(Closed) I went to her wedding but…

posted 6 years ago in Etiquette
  • poll: if someone invites you to her wedding, do you have to invite her to yours?
    Absolutely! It's rude not to! : (9 votes)
    6 %
    You probably should, but it's not required : (43 votes)
    28 %
    Hells to the No! You should have whomever you want at your wedding : (101 votes)
    66 %
  • Post # 3
    Member
    1798 posts
    Buzzing bee
    • Wedding: August 2011

    It’s totally fine to cut her since you aren’t close anymore. Friendships change and it sounds like you have just grown apart since her wedding.

    Post # 4
    Member
    2401 posts
    Buzzing bee
    • Wedding: September 2013

    Haven’t seen her in a year? Then not required to invite.

    Post # 5
    Member
    9029 posts
    Buzzing Beekeeper
    • Wedding: June 2011

    I personally would invite her, I dont think you HAVE to, but it would be nice to invite her. For all you know she might decline the invite and then you wont have to feel guilty that she invited you to hers but you didnt inviter her to yours.

    Post # 6
    Member
    111 posts
    Blushing bee
    • Wedding: April 2012

    ohmybears48 – that is my rule too!

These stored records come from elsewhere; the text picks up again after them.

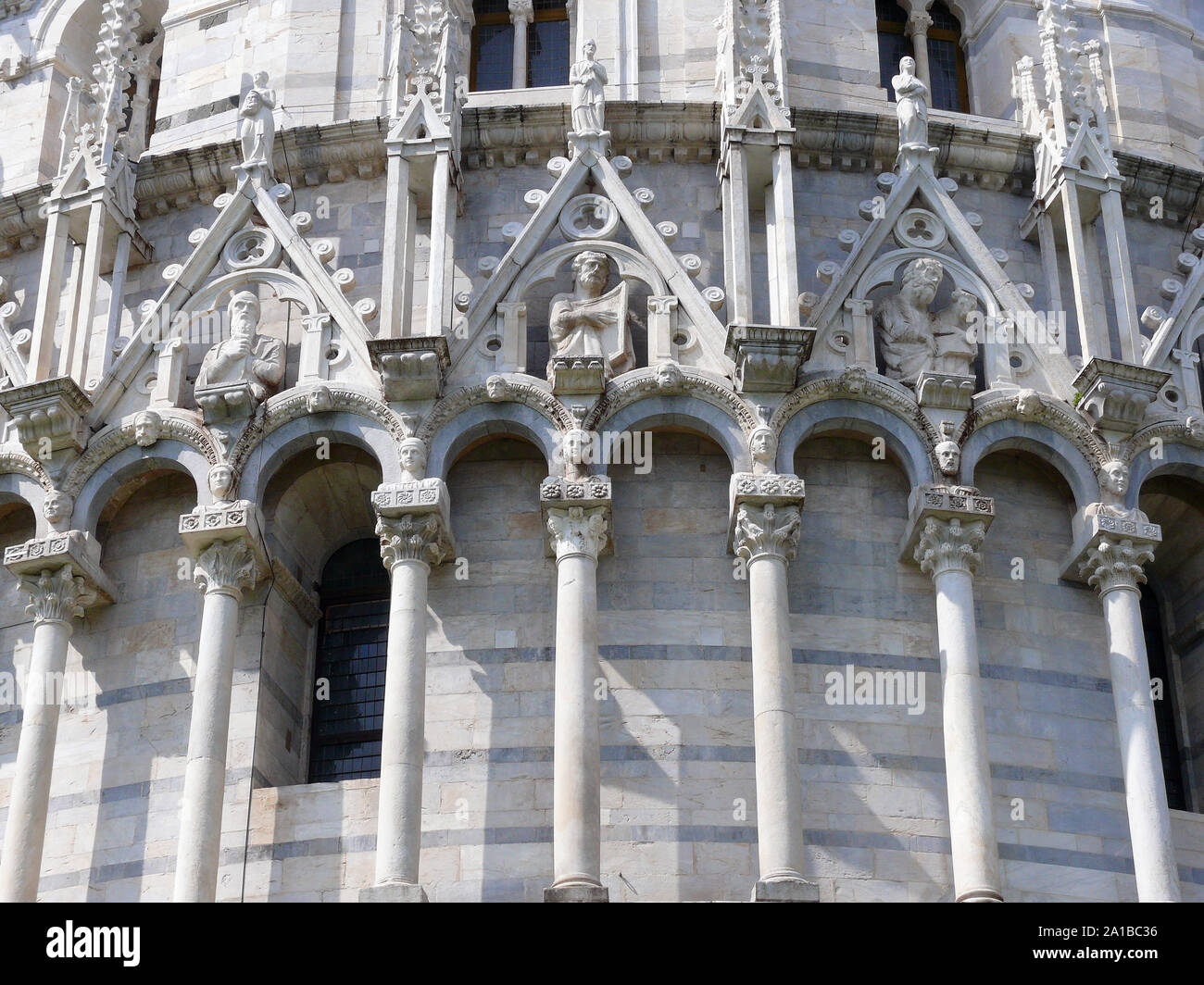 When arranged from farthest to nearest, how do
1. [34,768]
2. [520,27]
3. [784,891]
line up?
[520,27] → [34,768] → [784,891]

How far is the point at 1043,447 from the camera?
21.7 metres

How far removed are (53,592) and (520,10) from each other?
8.78 m

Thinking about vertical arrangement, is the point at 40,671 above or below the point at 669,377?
below

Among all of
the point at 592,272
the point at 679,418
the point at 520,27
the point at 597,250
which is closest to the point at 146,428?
the point at 592,272

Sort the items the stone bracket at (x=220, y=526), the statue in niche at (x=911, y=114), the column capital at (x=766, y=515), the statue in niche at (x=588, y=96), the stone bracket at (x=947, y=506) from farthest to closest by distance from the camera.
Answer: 1. the statue in niche at (x=911, y=114)
2. the statue in niche at (x=588, y=96)
3. the stone bracket at (x=220, y=526)
4. the stone bracket at (x=947, y=506)
5. the column capital at (x=766, y=515)

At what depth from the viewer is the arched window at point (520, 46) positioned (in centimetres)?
2566

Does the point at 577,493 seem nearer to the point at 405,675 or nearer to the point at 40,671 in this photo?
the point at 405,675

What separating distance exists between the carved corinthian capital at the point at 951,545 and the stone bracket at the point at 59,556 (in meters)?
7.73

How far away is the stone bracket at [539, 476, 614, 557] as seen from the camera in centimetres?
2062

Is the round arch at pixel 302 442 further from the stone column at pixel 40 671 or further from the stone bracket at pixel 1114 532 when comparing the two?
the stone bracket at pixel 1114 532

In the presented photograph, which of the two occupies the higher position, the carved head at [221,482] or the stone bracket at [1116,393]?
the stone bracket at [1116,393]

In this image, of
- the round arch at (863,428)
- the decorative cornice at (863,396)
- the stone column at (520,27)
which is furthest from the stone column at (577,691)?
the stone column at (520,27)

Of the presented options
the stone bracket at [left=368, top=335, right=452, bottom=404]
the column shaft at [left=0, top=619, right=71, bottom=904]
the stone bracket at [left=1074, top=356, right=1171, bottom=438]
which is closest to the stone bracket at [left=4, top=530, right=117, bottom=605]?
the column shaft at [left=0, top=619, right=71, bottom=904]

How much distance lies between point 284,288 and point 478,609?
155 inches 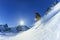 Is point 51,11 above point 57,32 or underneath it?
above

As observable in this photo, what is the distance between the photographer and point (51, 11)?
53cm

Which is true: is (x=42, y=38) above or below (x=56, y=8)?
below

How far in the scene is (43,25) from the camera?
1.65 feet

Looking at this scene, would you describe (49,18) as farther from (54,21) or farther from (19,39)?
(19,39)

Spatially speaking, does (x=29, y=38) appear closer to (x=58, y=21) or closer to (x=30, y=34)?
(x=30, y=34)

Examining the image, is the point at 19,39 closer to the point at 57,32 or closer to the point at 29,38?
the point at 29,38

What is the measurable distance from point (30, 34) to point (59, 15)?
0.45 ft

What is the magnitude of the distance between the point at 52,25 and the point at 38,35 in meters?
0.07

If I haven’t actually seen you in a year (unless we live very far apart) no invite! I think that it is totally reasonable not to invite her, you haven’t seen her in a few years and as we  all know facebook friends aren’t real friends.

    Post # 7
    Member
    3261 posts
    Sugar bee

    You haven’t seen her in over two years, so I’m going to say no..

    Post # 8
    Member
    1562 posts
    Bumble bee
    • Wedding: November 1999

    You definitely don’t have to invite her.  Invites don’t have to be reciprocated.

    Post # 9
    Member
    3773 posts
    Honey bee
    • Wedding: December 1999

    If you haven’t seen her in 2 years, then I would not invite her.

    Post # 10
    Member
    1962 posts
    Buzzing bee
    • Wedding: August 2012

    I would say you don’t have to invite her. Even though you feel like you would catch up in a heartbeat the point is that you are not close now. If you need to cut space don’t feel guilty. I know I would not expect an invite from any friends I have a similar relationship with. 

    Post # 11
    Member
    16 posts
    Newbee
    • Wedding: April 2013

    I would agree, you don’t have to invite her. It sounds like she isn’t close with you anymore.

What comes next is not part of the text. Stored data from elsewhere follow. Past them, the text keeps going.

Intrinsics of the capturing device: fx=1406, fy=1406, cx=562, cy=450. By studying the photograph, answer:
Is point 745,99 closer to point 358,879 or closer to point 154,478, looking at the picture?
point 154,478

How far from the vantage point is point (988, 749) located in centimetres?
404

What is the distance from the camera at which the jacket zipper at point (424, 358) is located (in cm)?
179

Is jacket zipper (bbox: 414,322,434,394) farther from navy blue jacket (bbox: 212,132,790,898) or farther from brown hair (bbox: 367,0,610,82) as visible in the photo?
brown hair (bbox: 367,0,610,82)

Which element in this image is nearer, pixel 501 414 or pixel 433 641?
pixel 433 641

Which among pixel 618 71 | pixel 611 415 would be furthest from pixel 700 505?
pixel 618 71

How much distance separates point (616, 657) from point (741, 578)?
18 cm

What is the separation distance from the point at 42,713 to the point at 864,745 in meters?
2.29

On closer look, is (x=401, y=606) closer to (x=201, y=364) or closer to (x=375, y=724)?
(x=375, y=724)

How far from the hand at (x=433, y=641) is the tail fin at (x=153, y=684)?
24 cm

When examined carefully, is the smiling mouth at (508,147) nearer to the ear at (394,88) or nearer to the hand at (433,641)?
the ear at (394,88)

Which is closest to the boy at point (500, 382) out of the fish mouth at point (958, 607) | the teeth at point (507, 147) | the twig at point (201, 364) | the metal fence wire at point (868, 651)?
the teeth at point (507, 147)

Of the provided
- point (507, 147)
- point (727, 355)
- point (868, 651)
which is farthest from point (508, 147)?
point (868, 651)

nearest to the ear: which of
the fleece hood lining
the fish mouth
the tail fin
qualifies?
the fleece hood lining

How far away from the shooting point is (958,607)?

    Our rule for the wedding, because we are paying for it ourselves is if we wouldn’t pay for your dinner and drinks then sorry we aren’t inviting you to a dinner and drinks at our wedding. It’s harsh but if we don’t do it that way we will have 400 guests at the wedding.

    Post # 12
    Member
    7404 posts
    Busy Beekeeper
    • Wedding: October 2010

    No need to even feel bad!  Don’t invite.

    Post # 13
    Member
    1572 posts
    Bumble bee
    • Wedding: October 2009

    I wouldn’t. 

    Post # 14
    Member
    3265 posts
    Sugar bee

    No you do not have to invite her.  Should I have to invite my dad’s former co-worker from 1985 because I went to their wedding when I was a child?  Of course not.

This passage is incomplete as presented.